The Old Town Bar and Restaurant is a noted bar and restaurant located between Park Avenue and Broadway at 45 E. 18th Street in the Flatiron District, Manhattan in New York City, one block north of Union Square. Originally a German establishment called Viemeisters, the bar has been in continuous operation since 1892, making it one of the oldest bars in the New York City area.

When it first opened, Viemeisters was a place that served only drinks, but during Prohibition, the bar was forced to change its name to Craig's Restaurant and start serving food in order to operate as a speakeasy. After the end of Prohibition and the closing of the nearby 18th Street Subway station in 1948, the bar began to fall into disrepair. It wasn't until the late 1960s, when local bar manager Larry Meagher took over operations, that the bar saw a resurgence of popularity.

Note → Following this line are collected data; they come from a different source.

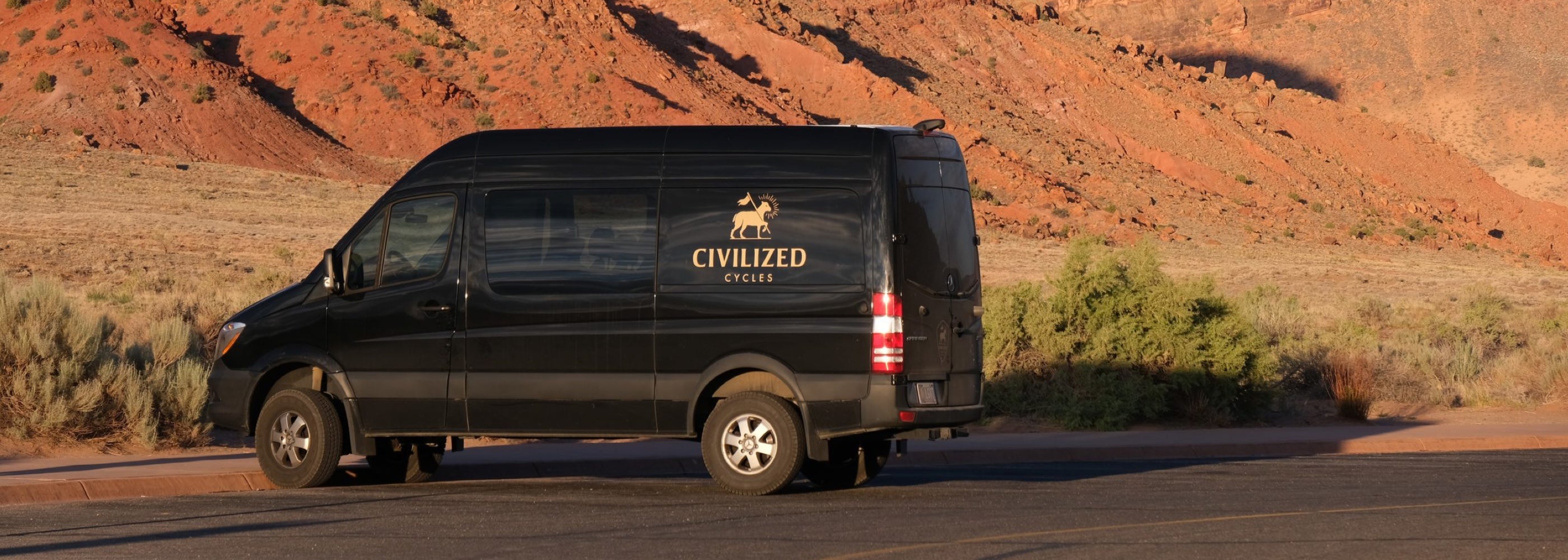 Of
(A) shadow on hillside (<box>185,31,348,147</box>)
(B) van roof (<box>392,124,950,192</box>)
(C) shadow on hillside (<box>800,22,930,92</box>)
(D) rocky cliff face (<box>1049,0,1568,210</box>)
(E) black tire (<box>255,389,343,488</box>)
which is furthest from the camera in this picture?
(D) rocky cliff face (<box>1049,0,1568,210</box>)

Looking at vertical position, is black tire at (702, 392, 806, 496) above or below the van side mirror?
below

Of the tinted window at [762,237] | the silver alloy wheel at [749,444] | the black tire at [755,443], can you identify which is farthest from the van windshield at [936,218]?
the silver alloy wheel at [749,444]

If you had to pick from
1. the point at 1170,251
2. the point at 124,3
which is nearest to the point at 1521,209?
the point at 1170,251

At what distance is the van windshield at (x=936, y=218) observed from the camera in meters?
11.6

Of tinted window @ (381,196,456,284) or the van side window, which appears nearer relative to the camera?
the van side window

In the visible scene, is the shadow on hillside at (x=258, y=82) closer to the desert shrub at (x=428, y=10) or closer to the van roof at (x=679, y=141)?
the desert shrub at (x=428, y=10)

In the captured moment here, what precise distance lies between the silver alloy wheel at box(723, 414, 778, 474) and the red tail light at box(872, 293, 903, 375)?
0.93 metres

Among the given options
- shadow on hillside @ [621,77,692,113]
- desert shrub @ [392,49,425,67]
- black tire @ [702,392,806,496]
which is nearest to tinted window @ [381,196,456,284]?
black tire @ [702,392,806,496]

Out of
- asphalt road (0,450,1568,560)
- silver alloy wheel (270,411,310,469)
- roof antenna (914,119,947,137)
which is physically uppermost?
roof antenna (914,119,947,137)

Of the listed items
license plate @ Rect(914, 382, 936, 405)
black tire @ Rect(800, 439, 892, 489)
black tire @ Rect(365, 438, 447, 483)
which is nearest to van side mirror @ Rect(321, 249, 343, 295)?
black tire @ Rect(365, 438, 447, 483)

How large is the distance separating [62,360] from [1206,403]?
11918 millimetres

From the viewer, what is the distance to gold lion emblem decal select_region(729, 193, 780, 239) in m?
11.6

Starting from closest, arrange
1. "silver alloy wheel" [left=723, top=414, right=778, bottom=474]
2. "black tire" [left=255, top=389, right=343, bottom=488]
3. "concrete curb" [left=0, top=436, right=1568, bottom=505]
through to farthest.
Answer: "silver alloy wheel" [left=723, top=414, right=778, bottom=474] → "concrete curb" [left=0, top=436, right=1568, bottom=505] → "black tire" [left=255, top=389, right=343, bottom=488]

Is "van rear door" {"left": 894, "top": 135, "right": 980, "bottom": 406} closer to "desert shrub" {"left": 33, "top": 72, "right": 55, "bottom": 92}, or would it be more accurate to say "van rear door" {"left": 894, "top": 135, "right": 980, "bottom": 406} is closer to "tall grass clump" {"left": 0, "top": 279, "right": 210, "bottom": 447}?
"tall grass clump" {"left": 0, "top": 279, "right": 210, "bottom": 447} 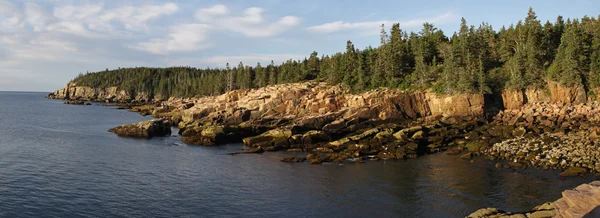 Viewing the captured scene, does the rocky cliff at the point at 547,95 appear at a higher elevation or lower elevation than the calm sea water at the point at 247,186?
higher

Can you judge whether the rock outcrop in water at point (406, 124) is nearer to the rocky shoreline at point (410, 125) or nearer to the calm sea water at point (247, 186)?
the rocky shoreline at point (410, 125)

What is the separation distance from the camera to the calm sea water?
29.1m

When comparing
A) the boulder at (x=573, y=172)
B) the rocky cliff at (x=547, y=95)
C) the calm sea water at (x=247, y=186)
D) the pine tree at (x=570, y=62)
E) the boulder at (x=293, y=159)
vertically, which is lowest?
the calm sea water at (x=247, y=186)

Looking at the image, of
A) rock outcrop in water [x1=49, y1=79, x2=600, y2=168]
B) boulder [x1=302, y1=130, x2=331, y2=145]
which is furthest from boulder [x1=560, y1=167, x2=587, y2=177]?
boulder [x1=302, y1=130, x2=331, y2=145]

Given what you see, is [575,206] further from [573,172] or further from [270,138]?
[270,138]

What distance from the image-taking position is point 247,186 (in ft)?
119

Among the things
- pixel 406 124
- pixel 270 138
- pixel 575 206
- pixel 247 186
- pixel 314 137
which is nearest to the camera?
pixel 575 206

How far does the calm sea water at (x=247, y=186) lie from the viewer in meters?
29.1

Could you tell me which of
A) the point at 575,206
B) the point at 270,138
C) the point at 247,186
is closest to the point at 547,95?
the point at 270,138

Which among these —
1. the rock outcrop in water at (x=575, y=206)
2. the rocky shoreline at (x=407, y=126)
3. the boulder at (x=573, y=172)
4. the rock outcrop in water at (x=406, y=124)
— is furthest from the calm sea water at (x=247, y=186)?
the rock outcrop in water at (x=575, y=206)

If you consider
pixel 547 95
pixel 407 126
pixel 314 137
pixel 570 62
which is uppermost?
pixel 570 62

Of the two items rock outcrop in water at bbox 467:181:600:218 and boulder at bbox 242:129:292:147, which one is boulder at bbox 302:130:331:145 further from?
rock outcrop in water at bbox 467:181:600:218

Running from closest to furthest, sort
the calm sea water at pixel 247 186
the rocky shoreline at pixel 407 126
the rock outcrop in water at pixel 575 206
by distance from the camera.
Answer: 1. the rock outcrop in water at pixel 575 206
2. the calm sea water at pixel 247 186
3. the rocky shoreline at pixel 407 126

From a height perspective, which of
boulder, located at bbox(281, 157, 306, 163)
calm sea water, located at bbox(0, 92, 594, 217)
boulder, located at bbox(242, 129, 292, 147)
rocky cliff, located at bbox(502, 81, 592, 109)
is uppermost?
rocky cliff, located at bbox(502, 81, 592, 109) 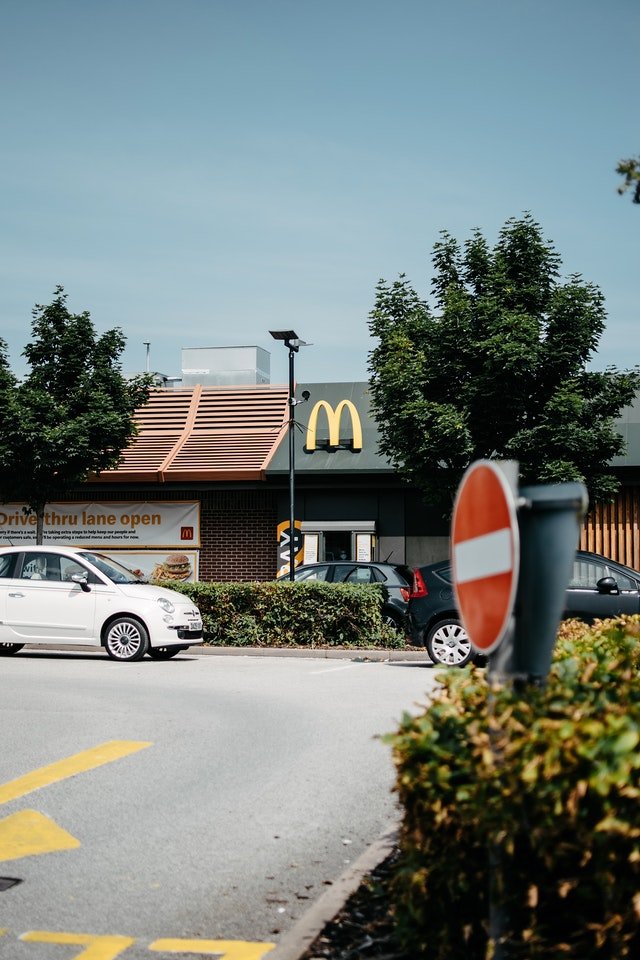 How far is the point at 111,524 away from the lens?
98.4 ft

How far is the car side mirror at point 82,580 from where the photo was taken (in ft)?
56.5

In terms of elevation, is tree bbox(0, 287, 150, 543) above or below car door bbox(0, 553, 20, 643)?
above

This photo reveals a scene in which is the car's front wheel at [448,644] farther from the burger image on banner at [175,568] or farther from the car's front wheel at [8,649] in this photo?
the burger image on banner at [175,568]

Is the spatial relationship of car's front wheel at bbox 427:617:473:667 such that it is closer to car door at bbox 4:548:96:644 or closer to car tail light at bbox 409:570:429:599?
car tail light at bbox 409:570:429:599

The Old Town Bar has managed to preserve a lot of its original fixtures which date back to the 19th century. The bar itself is 55 feet long and made of marble and mahogany. The ceiling, made of "tin" – actually pressed steel tiles, is 16 feet high. Other original furnishings include large beveled mirrors, antique cash registers, wooden booths, and New York's oldest dumbwaiter that ferries food orders from the upstairs kitchen down to the bar. Another notable feature is the row of old-style full-length urinals in the first floor Men's room, dating back to 1910. A creaky wooden staircase (also original) leads to an upstairs dining area, which was closed for several years before being reopened in the 1970s to cater to an unexpected increase in patrons coming to the bar on their lunch break.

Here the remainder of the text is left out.